Alan Liere’s hunting and fishing report for January 8

By Alan Liere The Spokesman-Review

Fly fishing

The Spokane River flow remains extremely big and fishing spots are very limited. Most fish will be tucked in along the bank where there is relief from the main flow. Nymphing a hot bead pattern will usually find a few eaters.

The North Fork of the Coeur d’Alene River has dropped to a fishable level.

Silver Bow Fly Shop says to find some back eddies, deep/soft inside bends and slow/deep water for your hot bead nymphs, Squirmies or San Juans. Streamer fishing with sink-tips is always a winter go-to. The fish are going to be lethargic.

A number of Sportsmen Shows are coming up, which will hopefully break the sameness of this weird winter. The Tri-Cities Sportsmen Show (Jan. 23-25) is hosted at the HAPO Center in Pasco and focuses on regional fishing and hunting.
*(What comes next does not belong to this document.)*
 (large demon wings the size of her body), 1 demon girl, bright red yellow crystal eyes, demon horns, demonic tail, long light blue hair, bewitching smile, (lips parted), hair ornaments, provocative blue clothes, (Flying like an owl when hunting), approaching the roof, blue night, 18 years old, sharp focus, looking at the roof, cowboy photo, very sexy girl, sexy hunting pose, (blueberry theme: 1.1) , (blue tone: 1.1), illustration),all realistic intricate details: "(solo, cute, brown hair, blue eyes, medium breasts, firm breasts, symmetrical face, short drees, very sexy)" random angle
The Washington Sportsmen’s Show (Jan. 28 to Feb. 1) in Puyallup features a unique indoor “Steelhead River” and extensive fishing seminars, and the Western Idaho Fly Fishing Expo (Jan. 30 and 31) is a two-day event in Boise/Garden City featuring expert fly tyers, casting demonstrations and industry exhibitors.

Trout and Kokanee

My son and I stopped on Monday at Rock Lake to see how the bank fishermen were doing at the primitive launch. Anglers there were using worm/marshmallow combinations to catch mostly 16-inch rainbow trout and steelhead, though they told me that in recent weeks they have also caught brown trout, bass, crappie and carp.

Long Lake trollers are catching good numbers of rainbow trout, most over 14 inches long.

Fishing has been best using orange flies and lures close to the dam. The fish have mostly been taken from the top 10 feet of water. If you aren’t using a boat to troll, try fishing from shore at one of the pull-outs near Tum Tum. Trout fishing in these spots has been fair to good.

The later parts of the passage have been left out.